Country Reports on Terrorism 2016 - Jordan
|Publisher||United States Department of State|
|Publication Date||19 July 2017|
|Cite as||United States Department of State, Country Reports on Terrorism 2016 - Jordan, 19 July 2017, available at: http://www.refworld.org/docid/5981e43511.html [accessed 16 December 2017]|
|Disclaimer||This is not a UNHCR publication. UNHCR is not responsible for, nor does it necessarily endorse, its content.

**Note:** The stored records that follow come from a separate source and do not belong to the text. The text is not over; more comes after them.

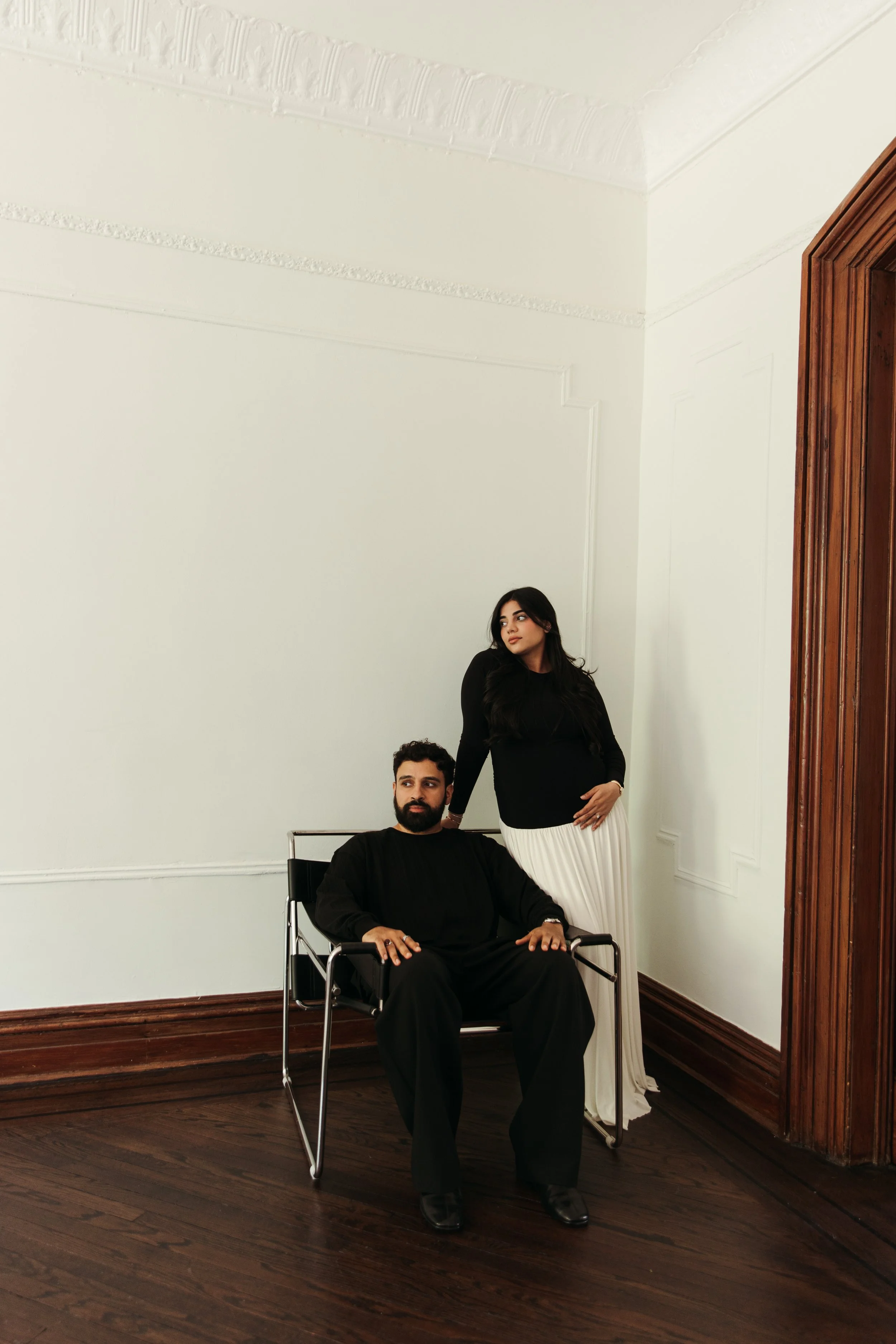 A man with a beard and a woman with long dark hair in a black top and white skirt in a room with white walls and dark wooden floor. The man is sitting in a wheelchair, and the woman is standing next to him resting her hand on his shoulder.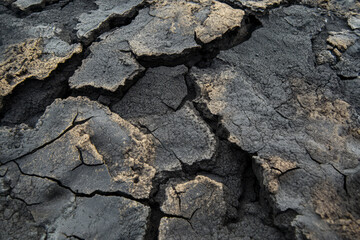 Rugged volcanic rock texture, dark black with sharp cracks and porous details, highlighting its rough, natural formation.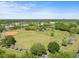 Aerial view of the community park, featuring a baseball field, green spaces, and recreation areas at 3325 Schefflera Rd, Tampa, FL 33618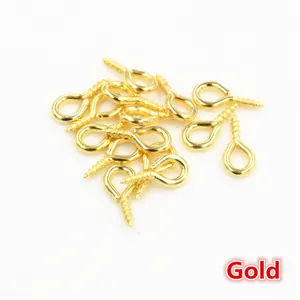Detailed close-up of golden screw eye pins for DIY jewelry making and pearl pendants
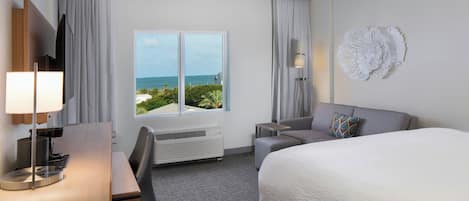 A hotel room with a bed, a desk, a chair, a TV, a window with a view of the ocean, and a decorative wall piece.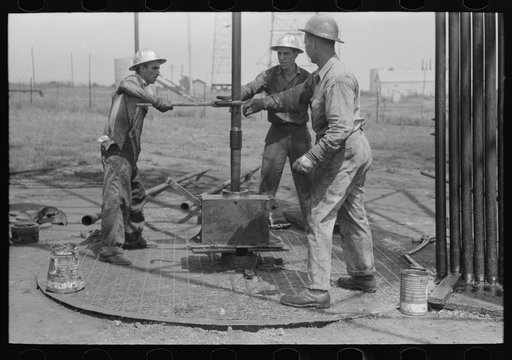 Untitled photo, possibly related to: Roughnecks leaning on the wrench to tighten the joint in the pipe, oil well, Oklahoma City, Oklahoma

Any views expressed are solely those of the author or publisher and do not necessarily reflect those of UNHCR, the United Nations or its Member States.|
Overview: Jordan remained a committed partner on counterterrorism and countering violent extremism in 2016. As a regional leader in the Global Coalition to Defeat ISIS, Jordan played an important role in Coalition successes in degrading the terrorist group's territorial control and operational reach. Jordan faced a marked increase in terrorist threats, both domestically and along its borders. Jordanian security forces thwarted several plots and apprehended numerous violent extremists, but the year ended with the deadliest terrorist incident the country has witnessed in over a decade. Fourteen people were killed during a series of clashes between gunmen and security forces in and around the southern city of Karak on December 18. The dead included a Canadian tourist, two Jordanian civilians, seven security personnel, and four attackers. The incident began when the perpetrators attacked security personnel investigating reports of an explosion in their rented apartment, which was followed by a five-hour standoff at Karak Castle, a site popular with tourists. Security operations in the vicinity two days later led to a shootout between gunmen and Jordanian security forces, resulting in the death of four security personnel.

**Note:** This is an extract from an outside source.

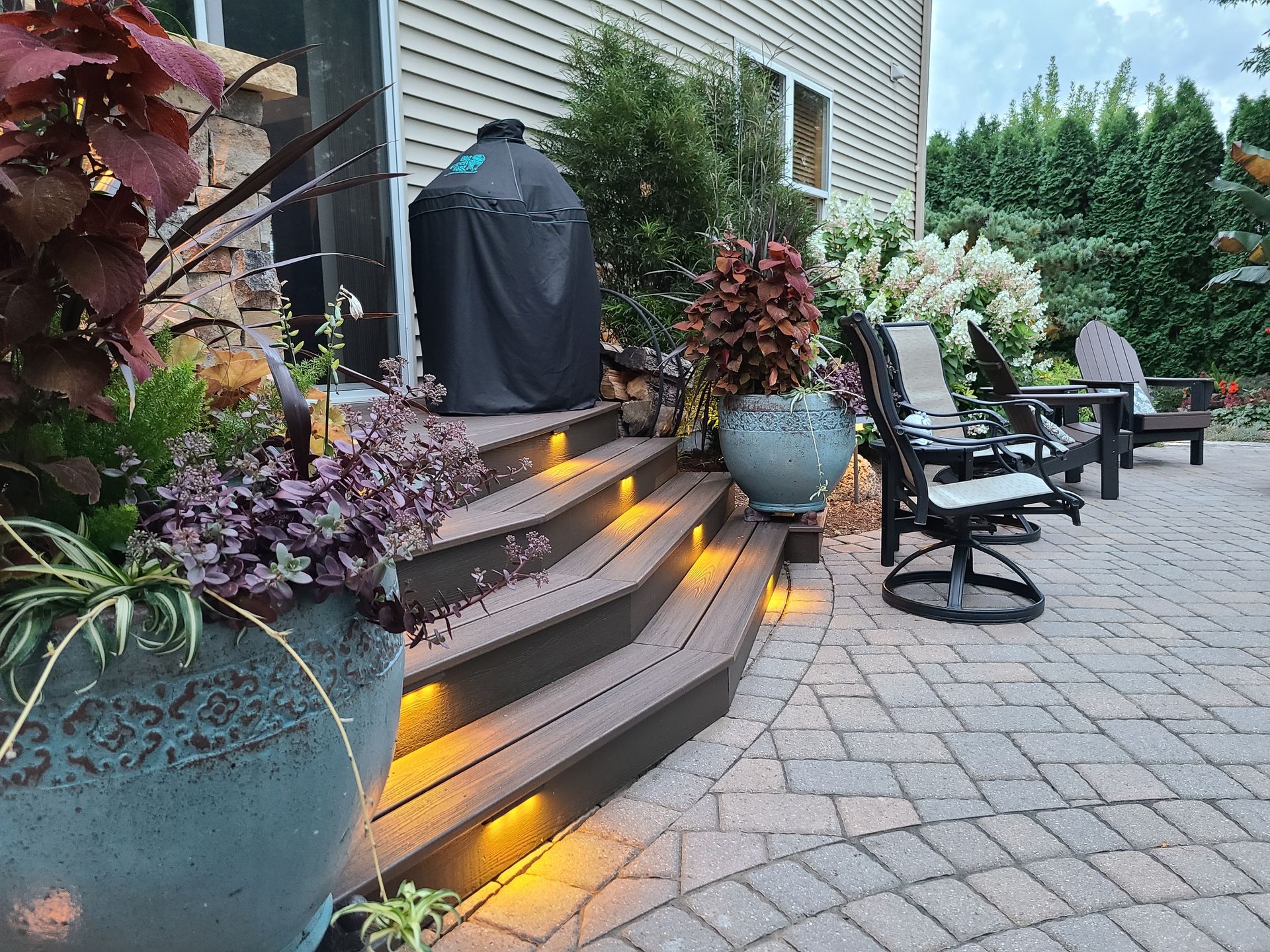 A patio with steps, outdoor furniture, and potted plants lit with warm lighting. A grill is covered near steps.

Attacks in 2016 predominantly targeted Jordan's security institutions: the Jordan Armed Forces (JAF), General Intelligence Directorate (GID), and Public Security Directorate (PSD). Jordan continued to be a target for terrorist groups, including ISIS and al-Qa'ida, for several reasons, including its proximity to regional conflicts in Iraq and Syria, the state's official rejection of Salafi-Jihadi interpretations of Islam, and its membership in the Defeat-ISIS Coalition.
Border security remains an overarching priority for the Government of Jordan, given fears that violence from the conflict in neighboring Syria will spill over into its territory. Government of Jordan concerns are amplified by the presence of ISIS-aligned group Jaysh Khalid bin Waleed (JKW) in southwest Syria, just miles from Jordan's border.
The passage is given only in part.